Many whites felt uneasy about using illegal methods to maintain white control of the ballot box. Governor John M. Stone favored a new constitution and called a convention.
In 1890, 134 delegates convened to draw up a new constitution; only one was black. The counties were reapportioned, increasing the number of representatives from white counties. It gave the vote to all adult males except idiots, the insane, and Indians.

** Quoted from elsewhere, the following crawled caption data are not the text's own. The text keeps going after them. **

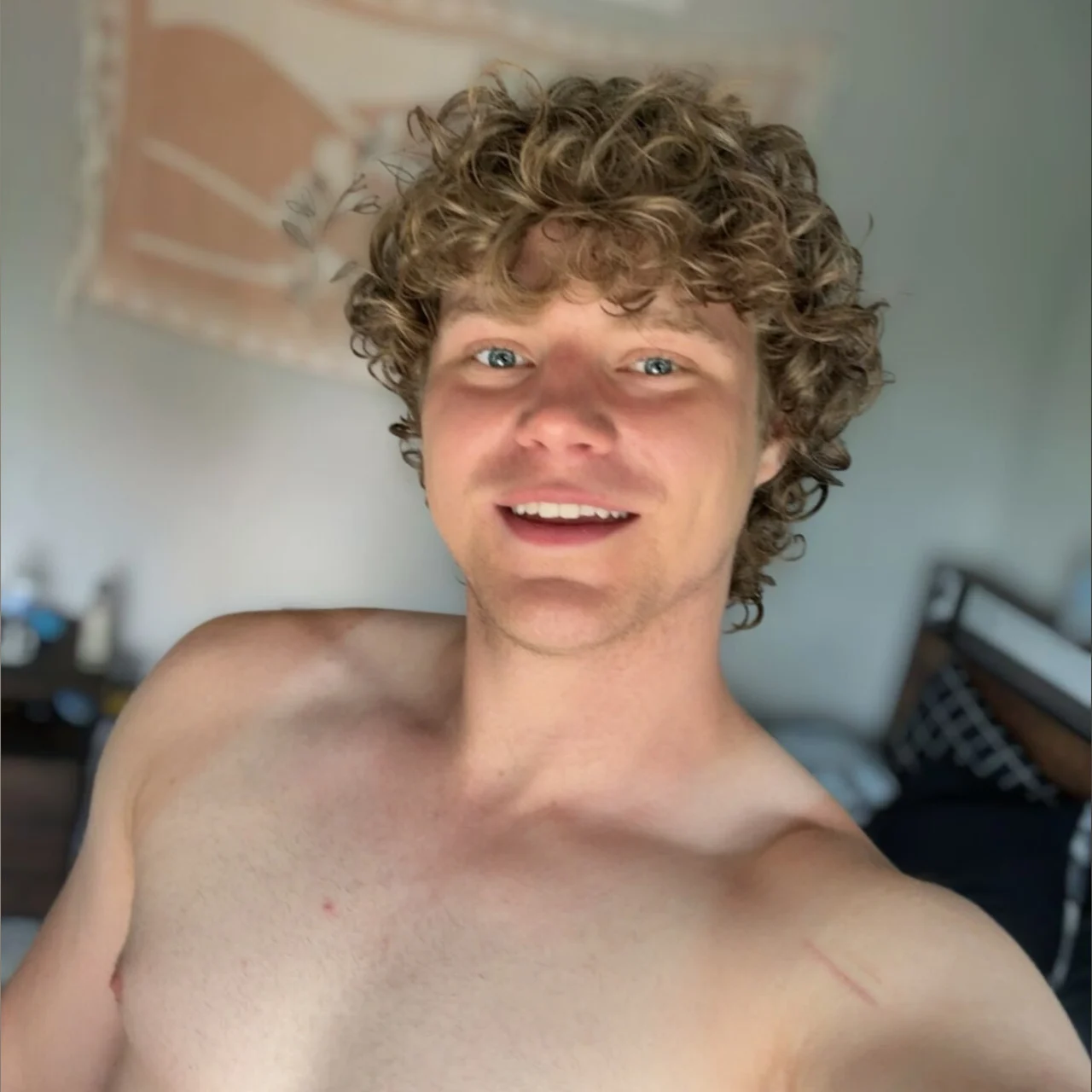 Cody Whitlock - OnlyFans model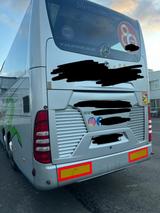 Mercedes-Benz Travego O580 RHD-M 55 Sitze - Mercedes-Benz Reisebus Travego
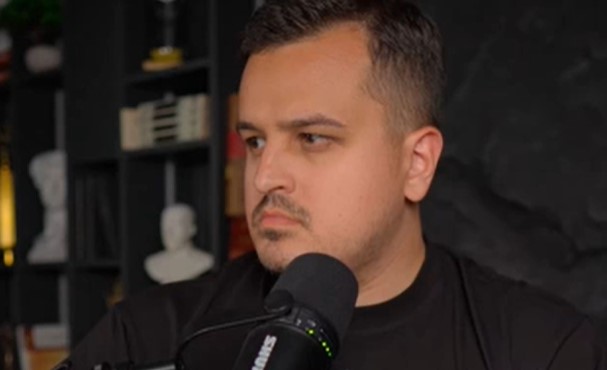 Дмитрий Никотин 2.06.2025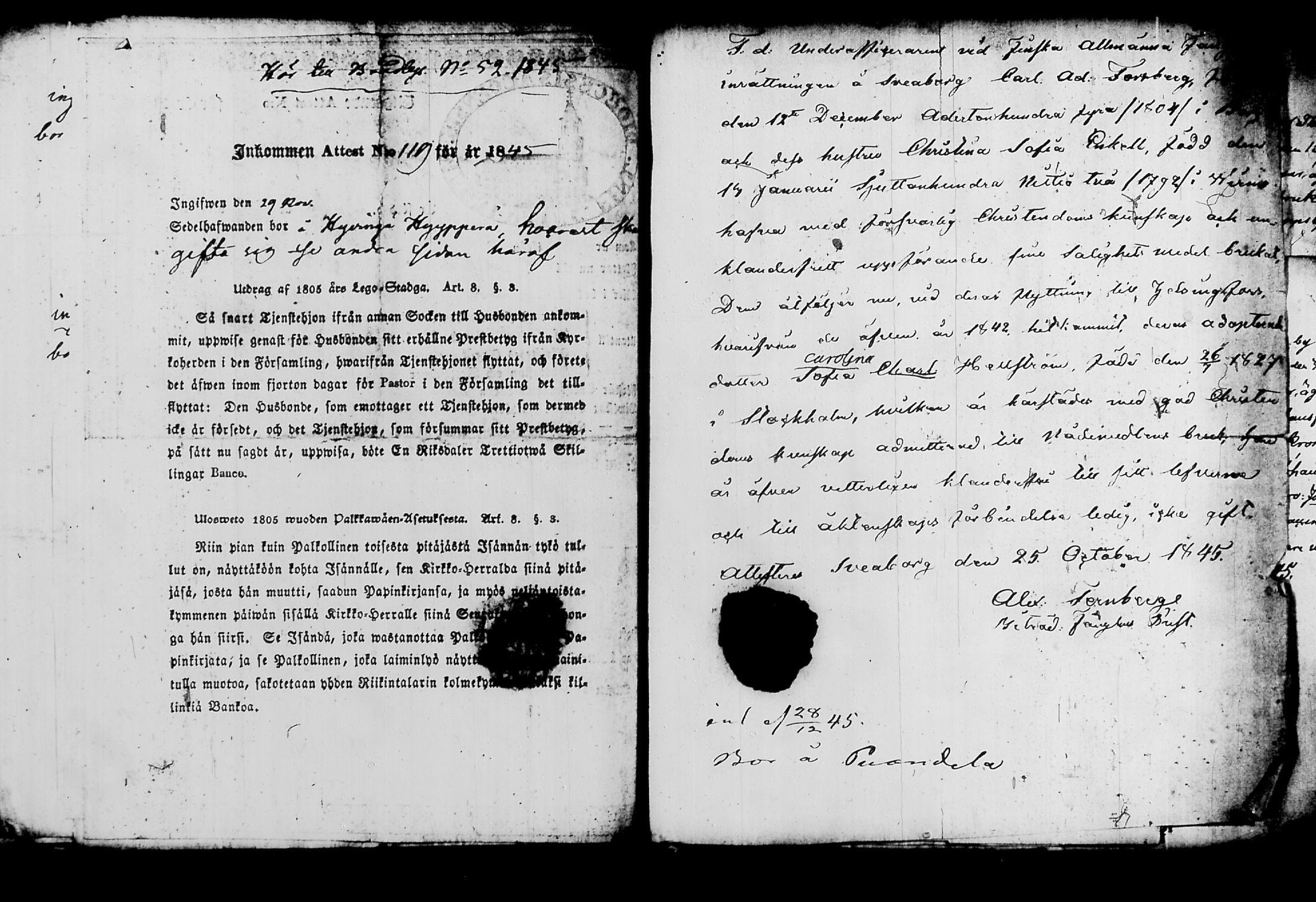 [ ../kirjat/Kirkonkirjat/nurmijarvi/muuttokirjoja_1845-1847_tk350/kuvat/128.jpg ]
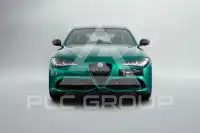 2025 Alfa Romeo Giulia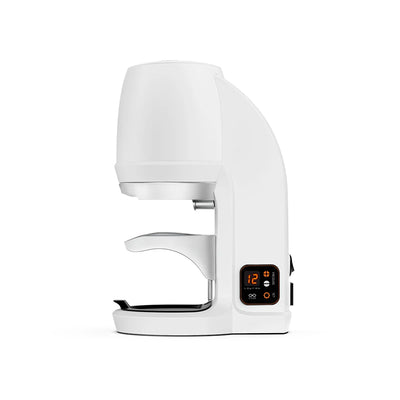 Puqpress Q2 Gen 5 Precision Automatic Tamper, White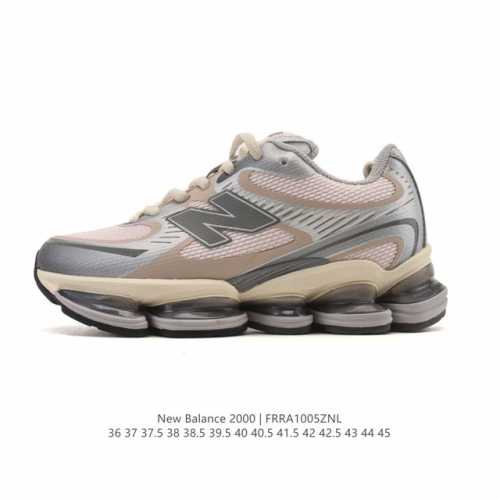 New Product - Company Grade New Balance Shoe Model! New Balance 0 Series Retro T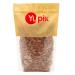 Yupik Dry Roasted Salted Almonds 1 kg Gluten-Free Kosher Whole Nuts Seasoned Nuts Salty Snacks Lightly Roasted Oil-Free High in Fiber Crunchy Savory Snacks 1 kg (Pack of 1)
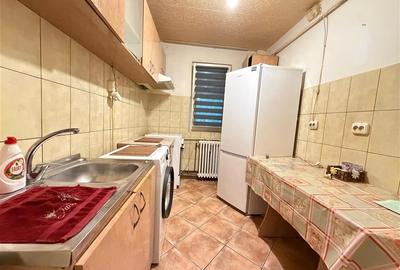 Apartament cu 2 camere decomandat în Podu Roș - 5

However, it imposed restrictions: residence two years in the state and one year in the district; voter registration four months prior to election; must not have committed certain crimes; a poll tax due two years in advance and production of the poll tax receipt at the time of vote. Most controversial was the requirement that every voter must be able to read any section of the state constitution, or as an alternative, be able to “understand” it when read to him, or give a “reasonable interpretation” of it.
The 1890 constitution also removed provisions for all citizens to serve on juries and the right of all citizens to travel on public conveyances. These requirements, with additions in legislation of 1892, resulted in a 90% reduction in the number of blacks who voted in Mississippi.
Four years later, under Governor John M. Stone, a new flag was adopted by the Mississippi legislature in a special session. The flag changes in Mississippi, Alabama, and Florida coincided with the passage of formal Jim Crow segregation laws throughout the South.

What a lawless, arrogant lot we are. Lord, have mercy upon the state of Mississippi.

References: Mississippi Conflict and Change, by James W. Loewen and Charles Sallis; Wikipedia articles on John Marshall Stone and on the Mississippi state flag.